──────── RECORDS FOR THE TASK ────────

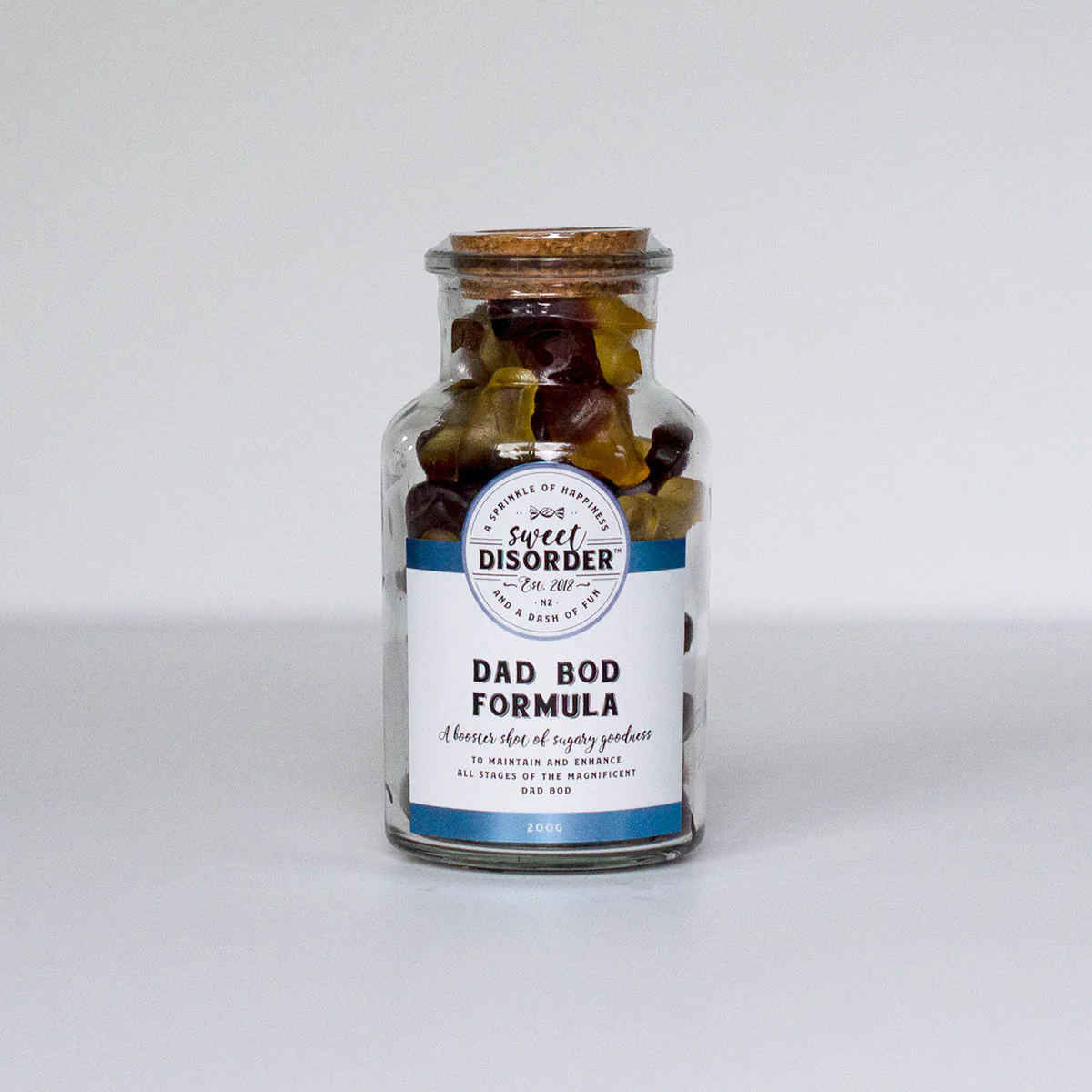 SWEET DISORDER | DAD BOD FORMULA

────────
──────── RECORDS FOR THE TASK ────────

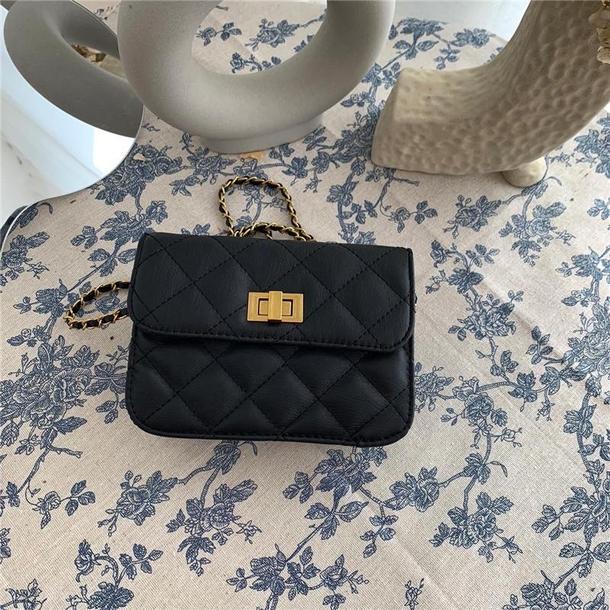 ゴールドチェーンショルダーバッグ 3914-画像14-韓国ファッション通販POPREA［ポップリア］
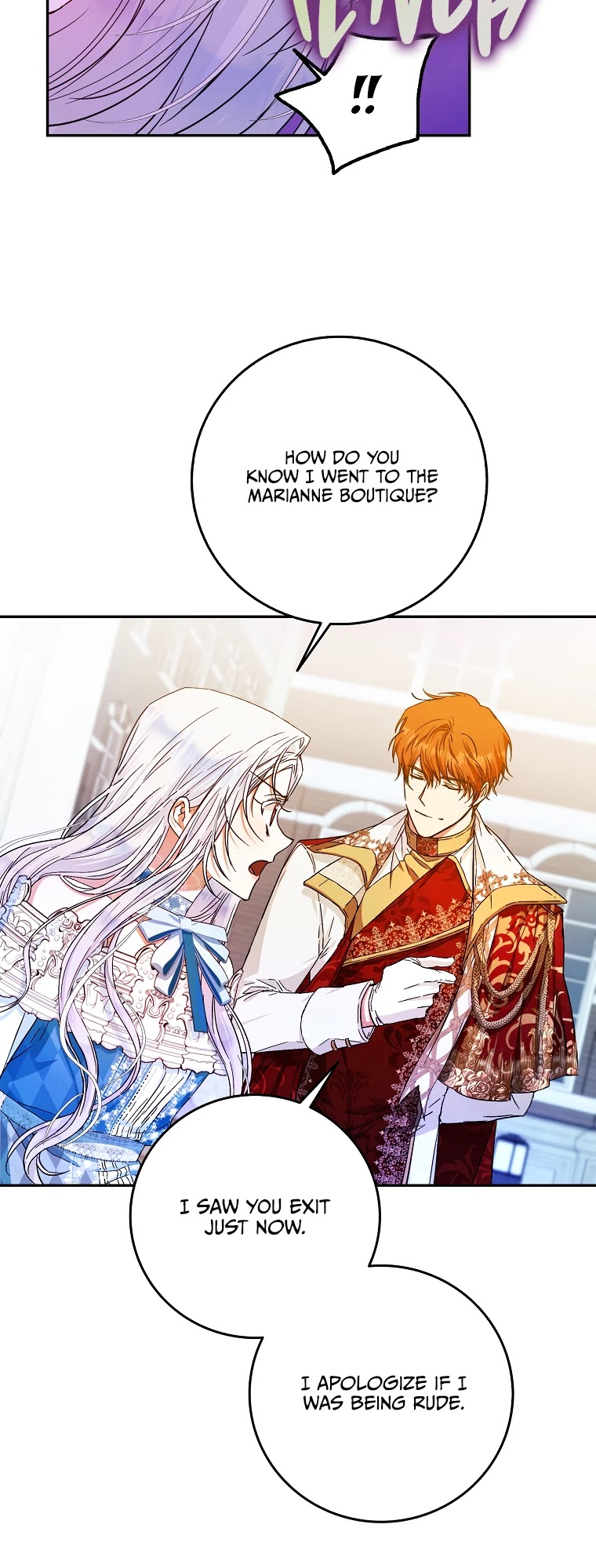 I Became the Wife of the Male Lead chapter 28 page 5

────────

_EXERCISE GOAL_:
Extract, without any images, the part of the material above that opens with the line containing "ゴールドチェーンショルダーバ" and closes with the line containing "I Became the", both lines included.

_SOLUTION BELOW_:
 ゴールドチェーンショルダーバッグ 3914-画像14-韓国ファッション通販POPREA［ポップリア］
 I Became the Wife of the Male Lead chapter 28 page 5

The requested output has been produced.